Once upon a time I was the C++ programming language guru in an organization of 200 software developers. People would come to me with all sorts of esoteric C++ problems, and I’d give them the answer. It often seemed—more often than mere coincidence can account for—that whatever problem someone was having, I’d had the same problem myself, and solved it, only the day before. So I was often able to give the answer off the top of my head, which gave me an aura of being smarter than I really was.
This encouraged people to come to me with even more problems. Eventually they posed problems—not only about programming but also about other sticky issues—that I couldn’t solve off the top of my head. In order to understand the problem better so that I could solve it, I’d ask questions to get more information. Simple questions such as What have you tried so far? and What happened? and What else did you try? I noticed that often as people were answering my questions they would suddenly say, “Ah, I’ve got it!” It turned out that I didn’t need even to understand the problem, much less to solve it.
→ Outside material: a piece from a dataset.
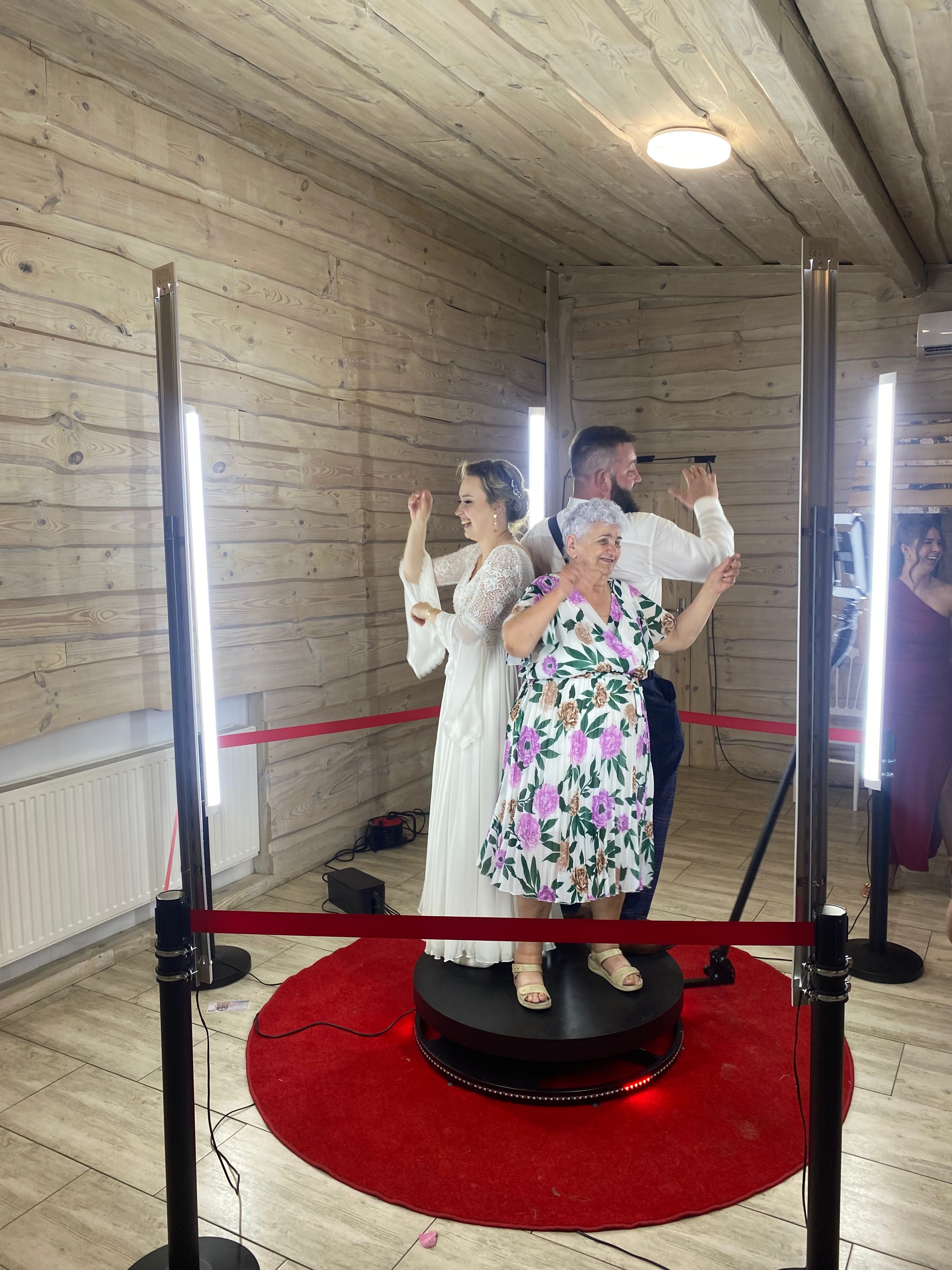 Namioty bankietowe imprezowe  wynajem wypożyczalnia Fotobudka 360 GD2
I began to enjoy helping people with those problems most of all, the problems that I had no idea how to solve. I learned to notice what puzzled me and to ask questions about my puzzles. Not leading questions with embedded advice (“Have you tried regrafting the Johnson rods?”), but questions simply to help me understand more clearly what was happening. And in answering the questions, people became more clear themselves about what was happening. I was surprised and delighted to learn that as people understood their problems better, they were usually able to come up with great advice of their own, advice that was far more useful than anything I might have offered.
Over time I’ve added other questions to my repertoire, questions not only about understanding the problem per se, but about understanding how the person is going about trying to solve the problem. Those “meta-problem” questions, such as the ones I asked Paul, the dream-home builder, seem to have great power to help people create their own advice. And they help people learn to examine their own problem-solving process, to jiggle themselves loose when they’re stuck so they can better solve their own problems.
One day Sriram poked his head into my cube, raised a finger, and said, “Dale, I— No, I got it.” And off he went.
Later I asked him what that was all about. He said, “On my way to your office, I was asking myself, ‘What questions would Dale ask me?’ I answered those questions, and I came up with the answer myself!”
I’d helped Sriram without even being there! That’s the moment I knew I could be a great coach. If only I could find a way to get paid for stuff like that.